## [TASK INSTRUCTIONS]
Since pictures are not wanted in the copy, output only the rest of each record exactly.

## [DATA FOR ANALYSIS]
**********
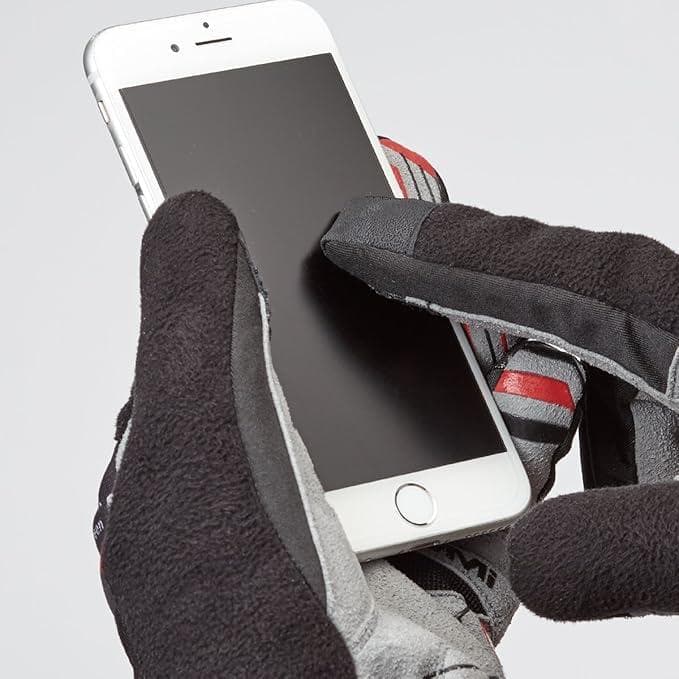 【冬用ウェア一式】Pearl Izumi 冬用サイクルウェアセット ロードバイク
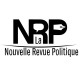 Christian Saint-Etienne – Comment sauver l’Union européenne ?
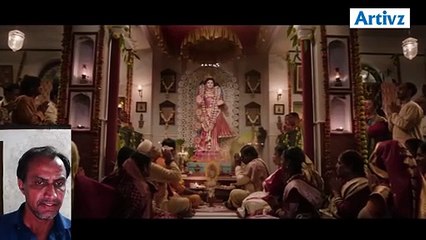 The Bengal Files | Review | Vivek Agnihotri | Anupam Kher | Entertainment | Bollywood | Artivz News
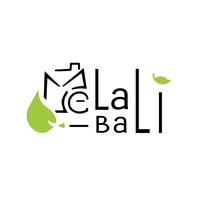 original sound - Melali Bali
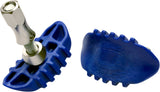 Motion Pro Liteloc Rim Lock 1.60 87-10058
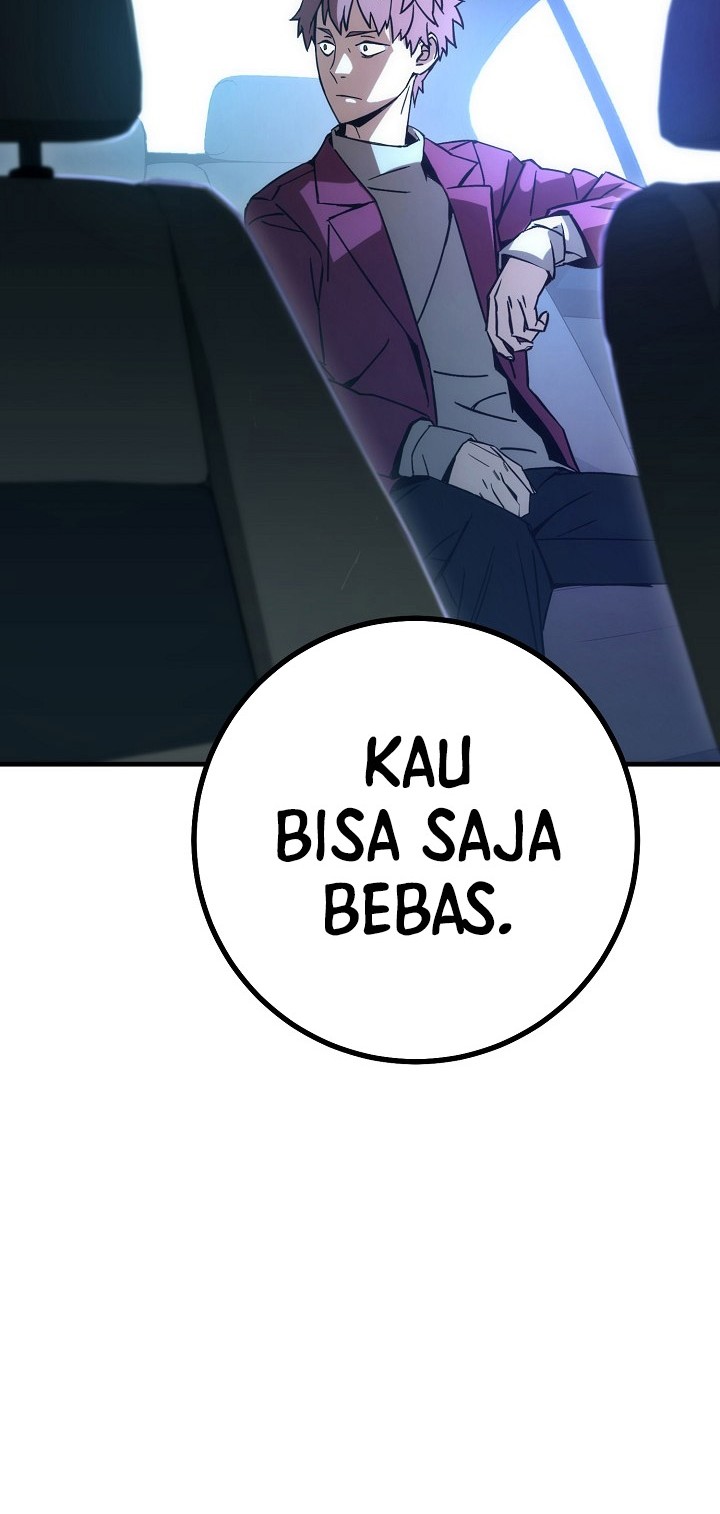 Chapter 12 - halaman 4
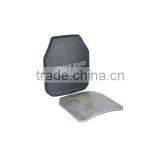 MS-4E2530SA Multi-curve Bulletproof Plate Level IV Stand Alone/Ballistic Ceramic Plate/ thumbnail-1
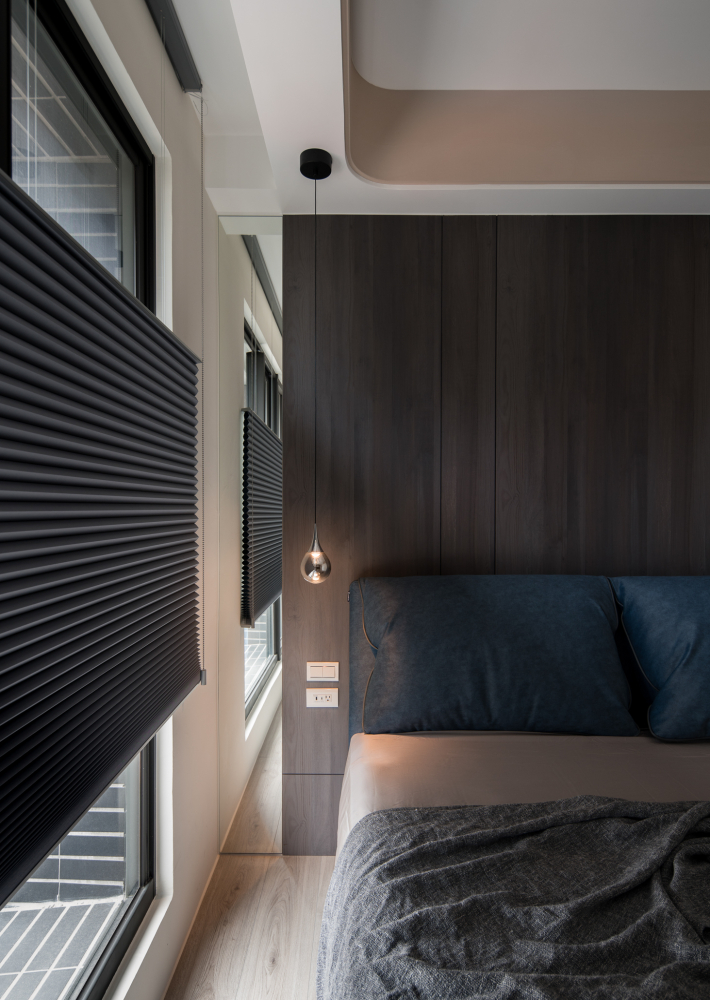 interiors-24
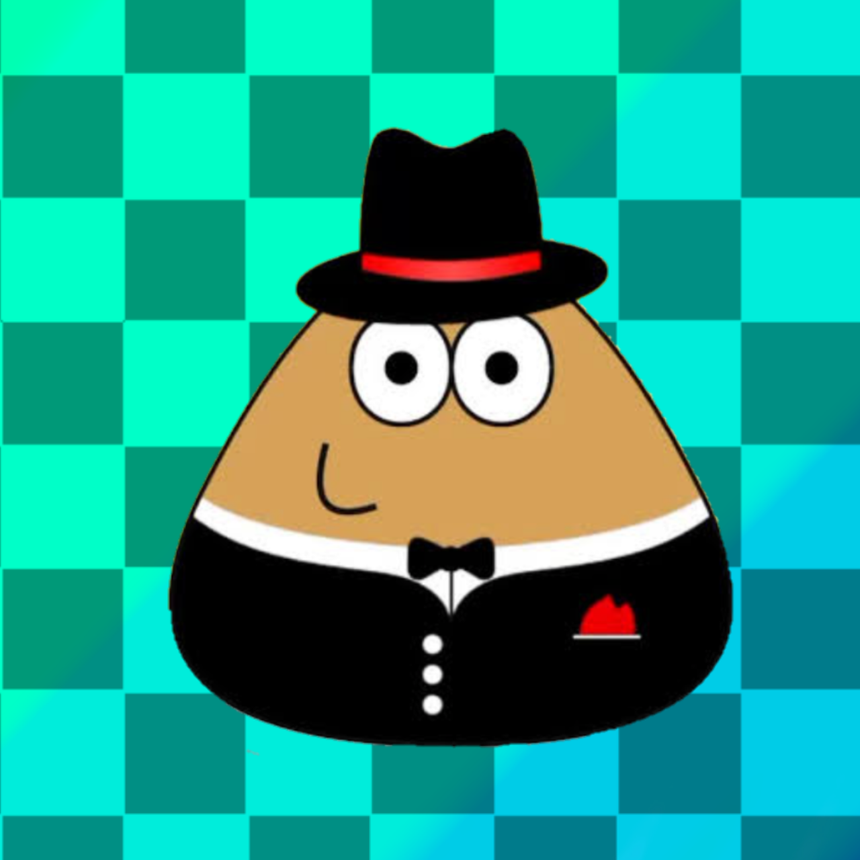 Pou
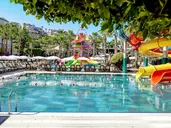 My Home Resort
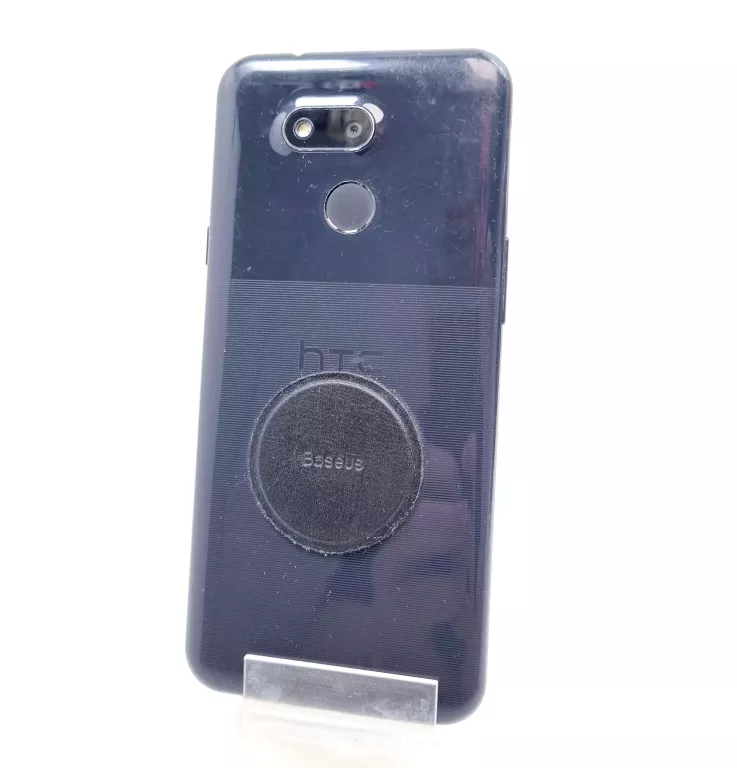 telefon-htc-desire-12s-332gb-lte-pamiec-ram-202865-214125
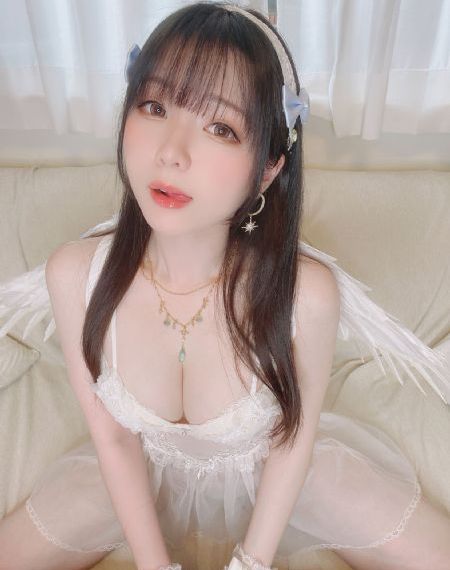伦理2男一女3p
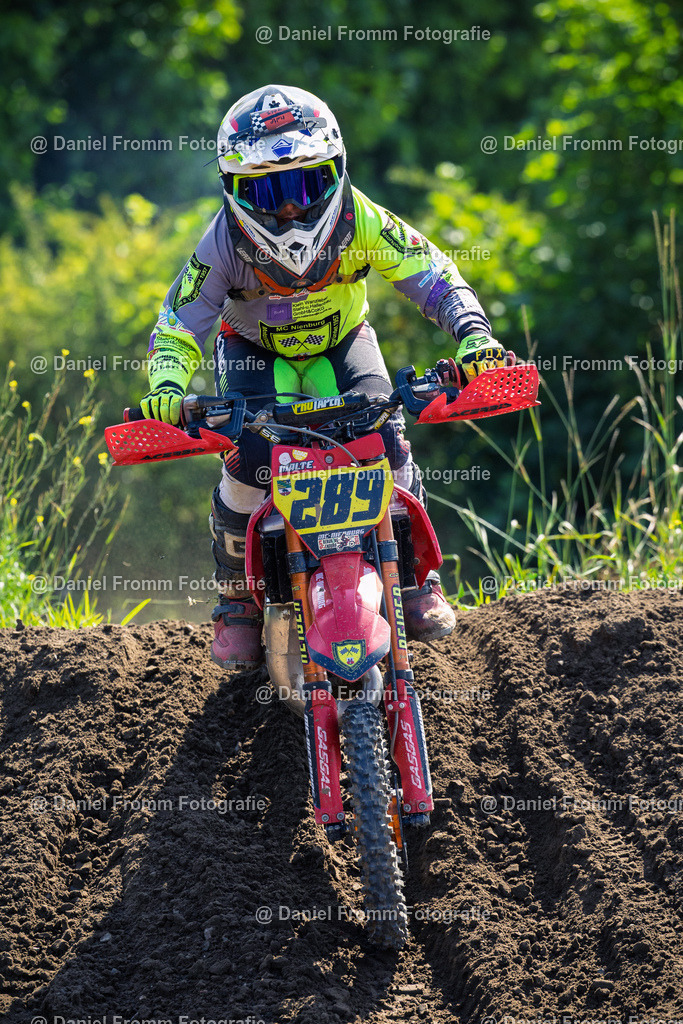 0V8A9236 | DanielFrommFotografie - Realisiert mit Pictrs.com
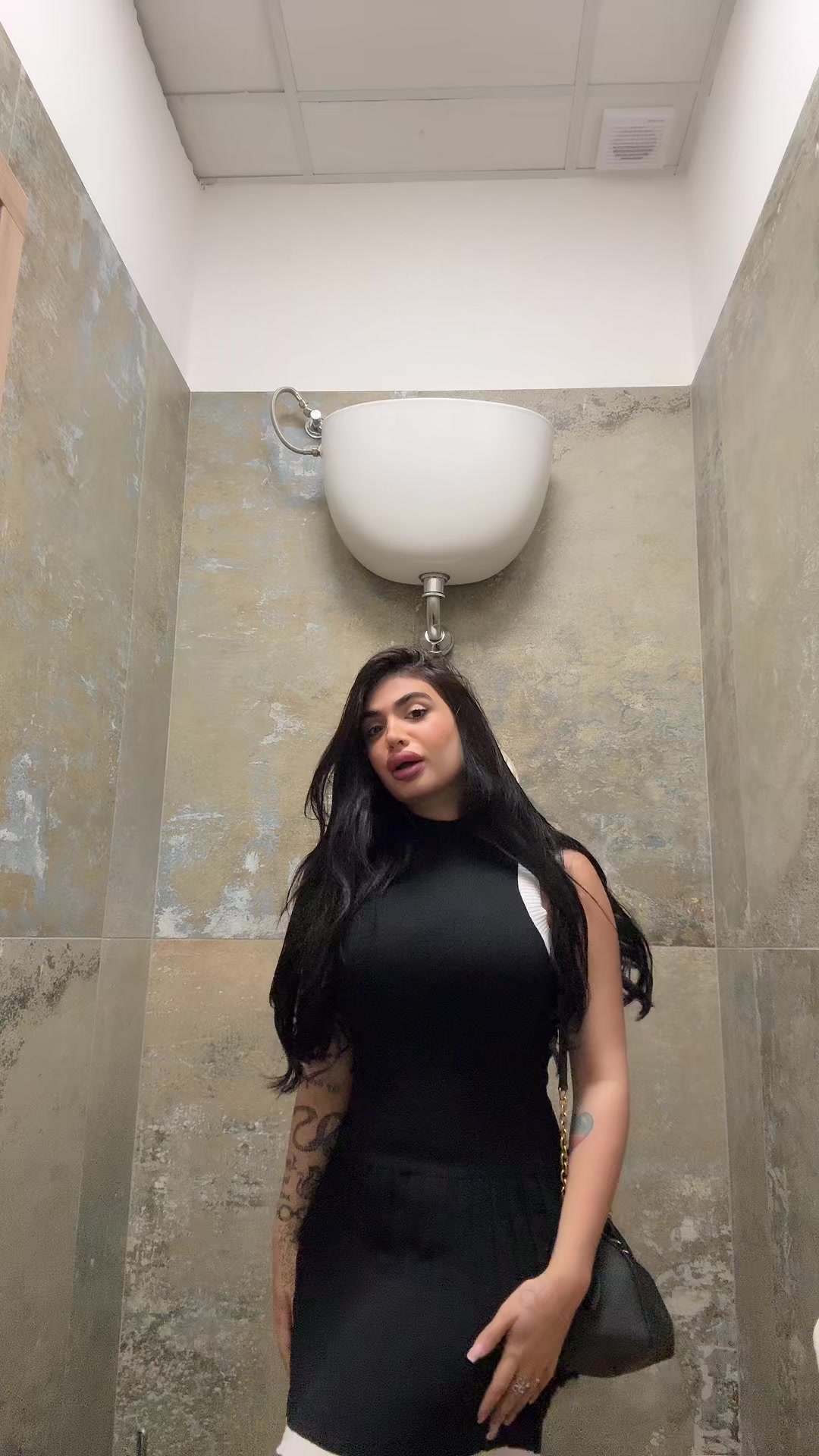 @Maricacinquegrana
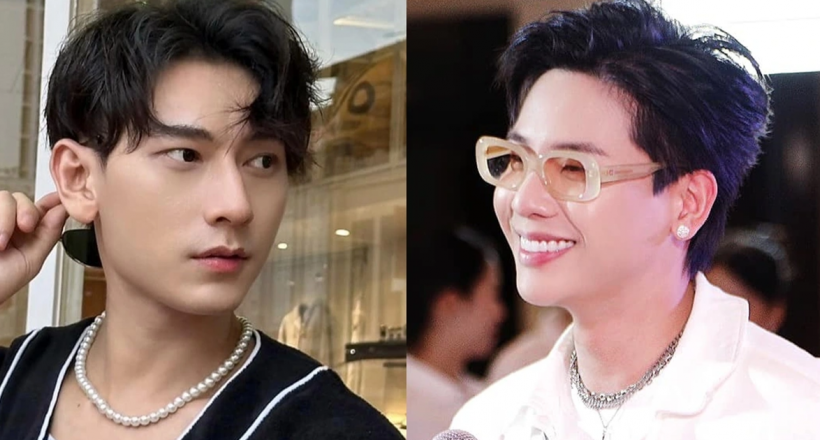 "Anh trai say hi" hé lộ dàn mỹ nam: Isaac, Quân A.P, HIEUTHUHAI gây "sốt"
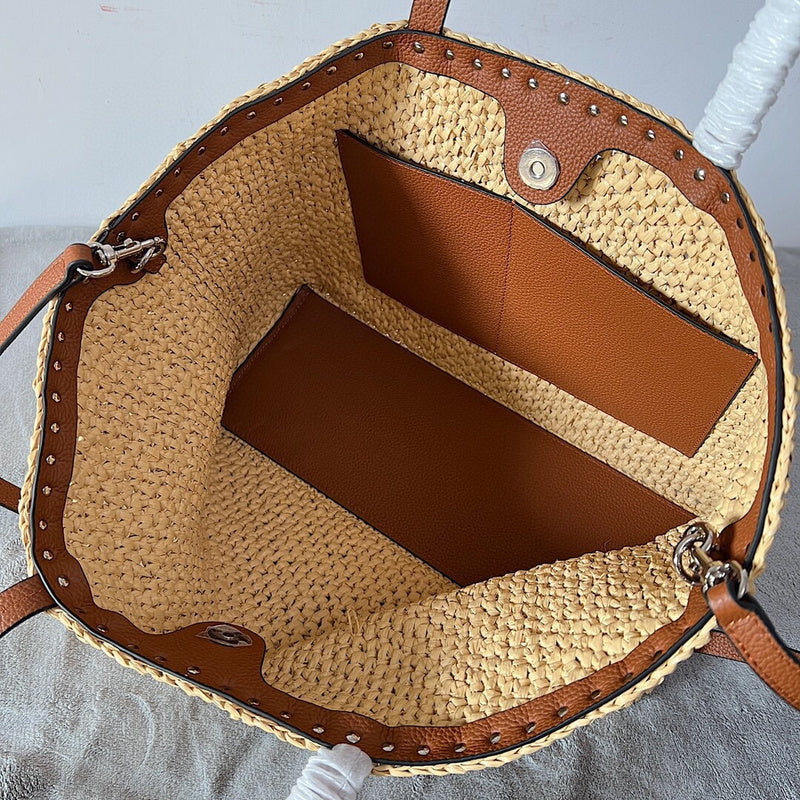 Glami Fashion - VLN Bags - 270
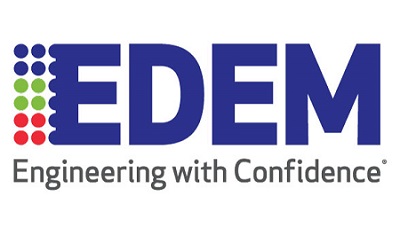 edem logo 400x228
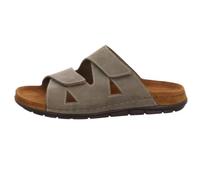 Rohde Rodigo-h PantuflasHombre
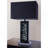 Metal Table Lamp-857028378-857028377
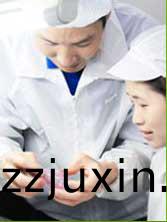 無(wu)灋自動(dòng)(dong)化生産要求(qiu)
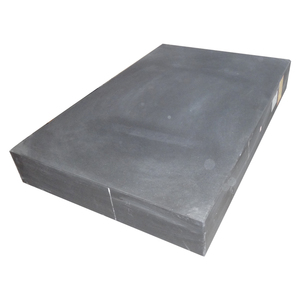 2025 nóng bán Trung Quốc nhà sản xuất nhà nhập khẩu muốn hàng hóa điện Cargo Scissor Lift thiết bị cho Granite nhà sản xuất Huawei - Product Image 1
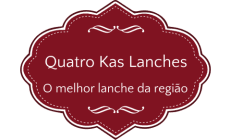 Quatro KAS Lanches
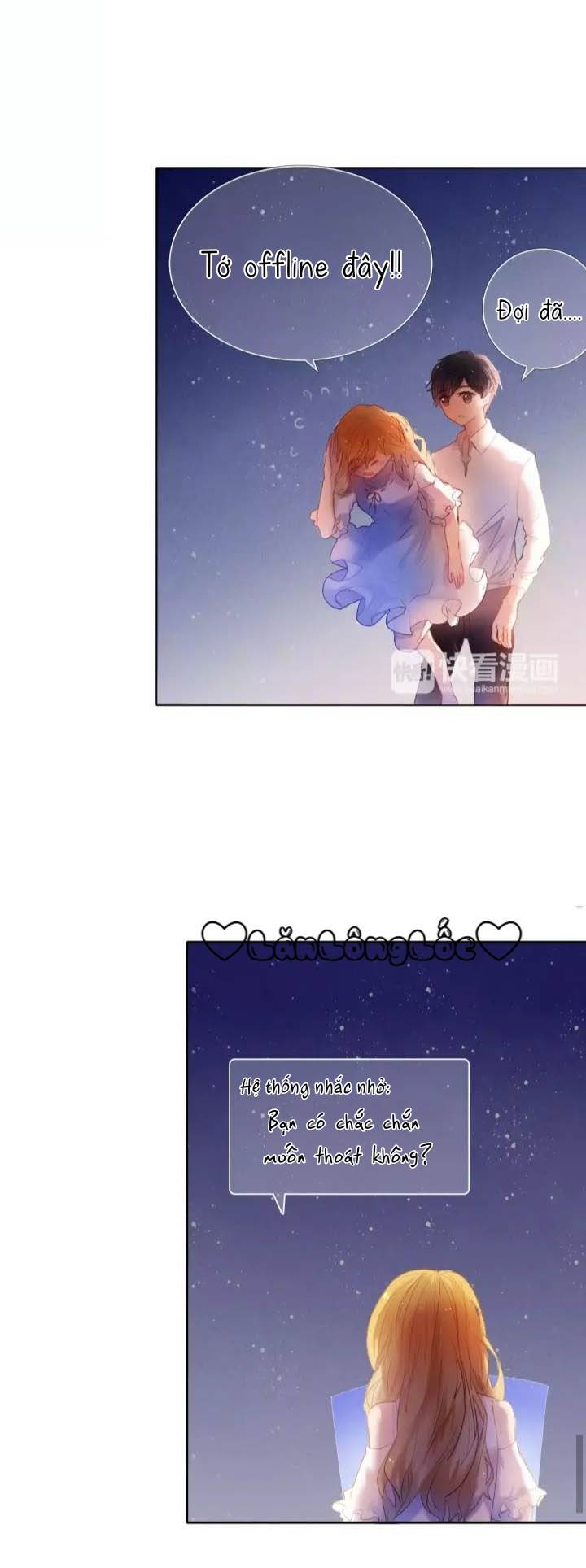 page_7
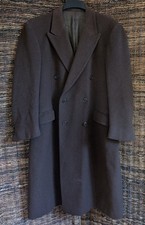 Vintage marzotto cashmere for sale  Snoqualmie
**********
## [WRITTEN ANSWER]
 【冬用ウェア一式】Pearl Izumi 冬用サイクルウェアセット ロードバイク
 Christian Saint-Etienne – Comment sauver l’Union européenne ?
 The Bengal Files | Review | Vivek Agnihotri | Anupam Kher | Entertainment | Bollywood | Artivz News
 original sound - Melali Bali
 Motion Pro Liteloc Rim Lock 1.60 87-10058
 Chapter 12 - halaman 4
 MS-4E2530SA Multi-curve Bulletproof Plate Level IV Stand Alone/Ballistic Ceramic Plate/ thumbnail-1
 interiors-24
 Pou
 My Home Resort
 telefon-htc-desire-12s-332gb-lte-pamiec-ram-202865-214125
伦理2男一女3p
 0V8A9236 | DanielFrommFotografie - Realisiert mit Pictrs.com
 @Maricacinquegrana
 "Anh trai say hi" hé lộ dàn mỹ nam: Isaac, Quân A.P, HIEUTHUHAI gây "sốt"
 Glami Fashion - VLN Bags - 270
 edem logo 400x228
 Rohde Rodigo-h PantuflasHombre
 Metal Table Lamp-857028378-857028377
 無(wu)灋自動(dòng)(dong)化生産要求(qiu)
 2025 nóng bán Trung Quốc nhà sản xuất nhà nhập khẩu muốn hàng hóa điện Cargo Scissor Lift thiết bị cho Granite nhà sản xuất Huawei - Product Image 1
 Quatro KAS Lanches
 page_7
 Vintage marzotto cashmere for sale  Snoqualmie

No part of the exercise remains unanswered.